>>>

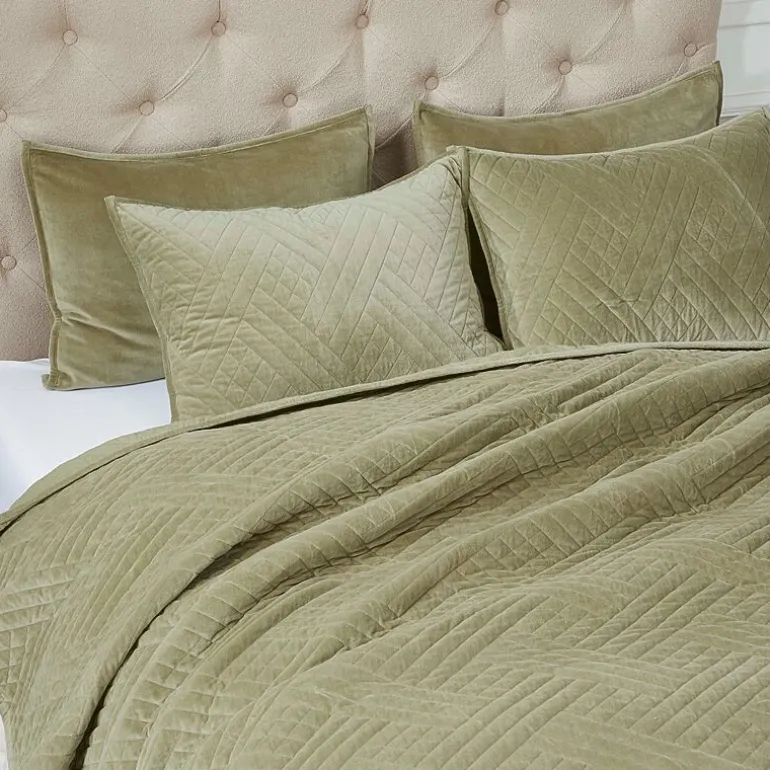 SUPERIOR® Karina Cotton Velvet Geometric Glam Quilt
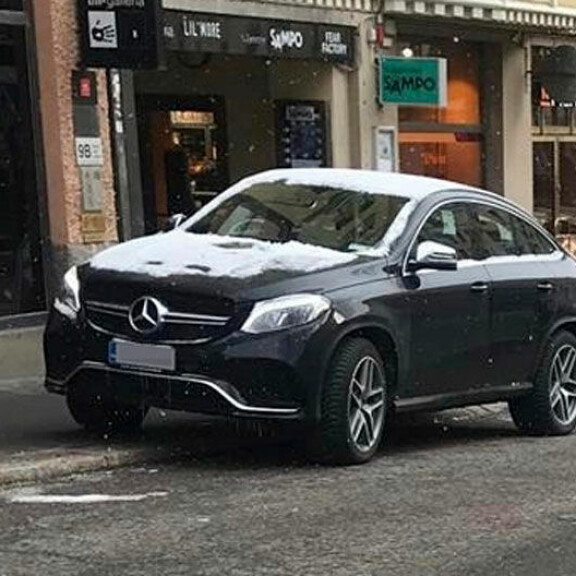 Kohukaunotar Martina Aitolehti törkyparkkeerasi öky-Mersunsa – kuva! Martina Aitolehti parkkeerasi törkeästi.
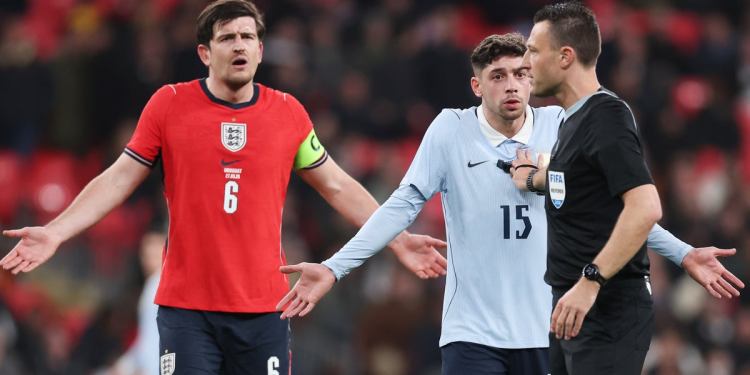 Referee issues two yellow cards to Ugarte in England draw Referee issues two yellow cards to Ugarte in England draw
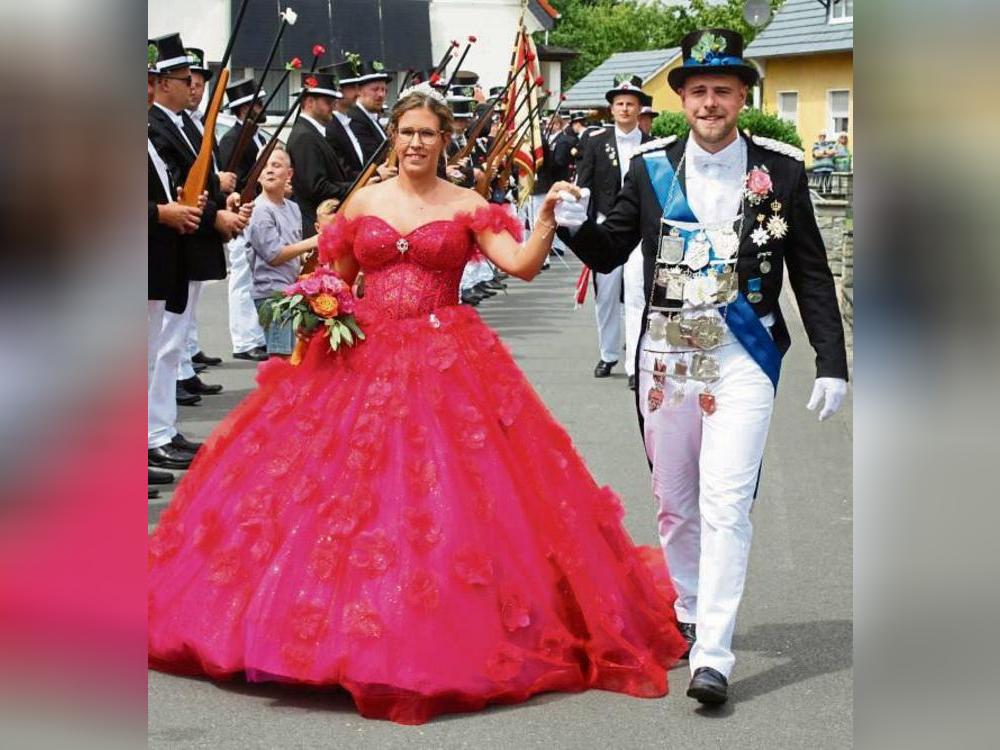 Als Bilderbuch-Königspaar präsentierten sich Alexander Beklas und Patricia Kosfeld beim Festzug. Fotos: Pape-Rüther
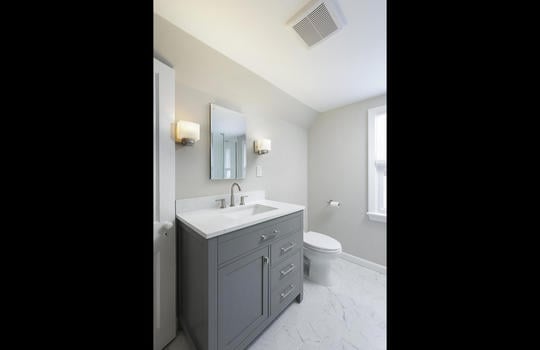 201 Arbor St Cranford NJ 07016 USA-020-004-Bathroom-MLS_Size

<<<

**Required work**
The answer must be the data above, repeated exactly, with no pictures.

**Your solution**
 SUPERIOR® Karina Cotton Velvet Geometric Glam Quilt
 Kohukaunotar Martina Aitolehti törkyparkkeerasi öky-Mersunsa – kuva! Martina Aitolehti parkkeerasi törkeästi.
 Referee issues two yellow cards to Ugarte in England draw Referee issues two yellow cards to Ugarte in England draw
 Als Bilderbuch-Königspaar präsentierten sich Alexander Beklas und Patricia Kosfeld beim Festzug. Fotos: Pape-Rüther
 201 Arbor St Cranford NJ 07016 USA-020-004-Bathroom-MLS_Size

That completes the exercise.